I have been pretty bad at keeping up with my journal entries. I have officially been in Thailand over one year and that is possibly the reason why my journaling has slipped off. It is quite exciting to memorialize the unique experiences that seem to occur everyday as you are continually confronted with a culture and country that you still don’t quite fully understand. Once that novelty has worn off, as it has to some degree by this point, it just seems that your weekly activities don’t merit a journal entry. As much as it may seem impossible to my friends and family back home, I really have settled into the daily routine of living in Thailand. This shouldn’t discount the fact that this daily routine does include speaking Thai and not understanding Karen, riding my bike on dirt roads through the mountains of northern Thailand from one Karen hill tribe village to another, sharing dinner with adopted families around an open fire situated in the living room of a bamboo house, or sitting in the back of a covered pickup truck for five hours to reach the provincial capital. I think that my daily life does merit much more attention!

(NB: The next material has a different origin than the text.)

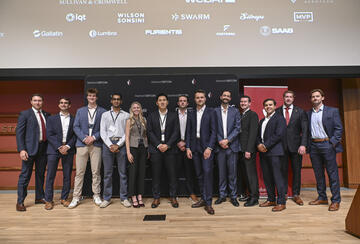 Student organizers pose together on stage at the 4th Annual Stanford Conference on Technology and National Security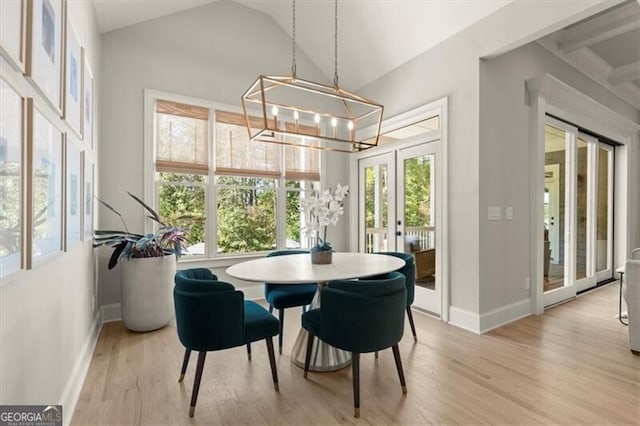 dining space featuring lofted ceiling, french doors, light hardwood / wood-style flooring, and a healthy amount of sunlight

I can’t recall many specifics from the month of December, but I can recall that I was able to return to the U.S. for the holidays and for my good friend Luke’s wedding. My time in the U.S. was a whirlwind affair. A long journey from Thailand was exacerbated by United’s inability to get their passengers to any destination without endless delays and problems. I ended up having to stay the night in Las Vegas which extended my traveling time to somewhere around four days before I actually arrived in Wyoming. A blizzard accompanied my Mom’s and Brandt’s welcome home, but was not enough to deter us from our Christmas Eve gathering. Christmas went off flawlessly and I received some of the best presents I have ever received (I was also fairly eager to give my Thai gifts away). Luke’s wedding was great fun and to get to see all my Buffalo buddies was more than I could ask for. I am quite positive that I haven’t laughed as much for years as I did in those few days with those guys. Luke and Marsha had a perfect wedding and I was honored to be Luke’s best man. Morgan arrived just in time for the wedding and she got to meet my friends and family. We made a trip through the Black Hills to see Mount Rushmore and also got to spend some good time hiking in the snowy Bighorn Mountains and sightseeing in Buffalo and Sheridan. I had a great last day in Billings with my Mom where I stuffed myself with deliciously unhealthy American food and boarded my plane for yet another journey halfway across the globe.

Now I am back in Thailand and am excited about the prospects of the next few months. I have several projects that the tambon wants me to help with including a project to provide low cost computers to the local school, an effort to create a community development resource center at the SAO, a world map project with the children and teachers at the school, English and teacher trainings involving other volunteers, another effort to mobilize the community around a home-stay tourism project, and initializing my masters thesis research. It seems pretty ambitious and I think it is. Ambition is the key to achieving what seems unlikely to be accomplished. Complacency breeds apathy. In a years time I intend to write on this blog about the community’s successes in achieving these goals.

In one week I will be going with the SAO and 30 other community members on a ดูงาน, or is known in English as...I guess a work study. We will be getting on a bus for a four day journey to officially go see successful organizations in order to get ideas for the tambon. In reality I think it will consist of lots of karaoke, drinking, and very little working. I hope my Thai friends prove me wrong, but I guess there is not too much harm mixing a little fun in with business! I will keep you posted on the outcome!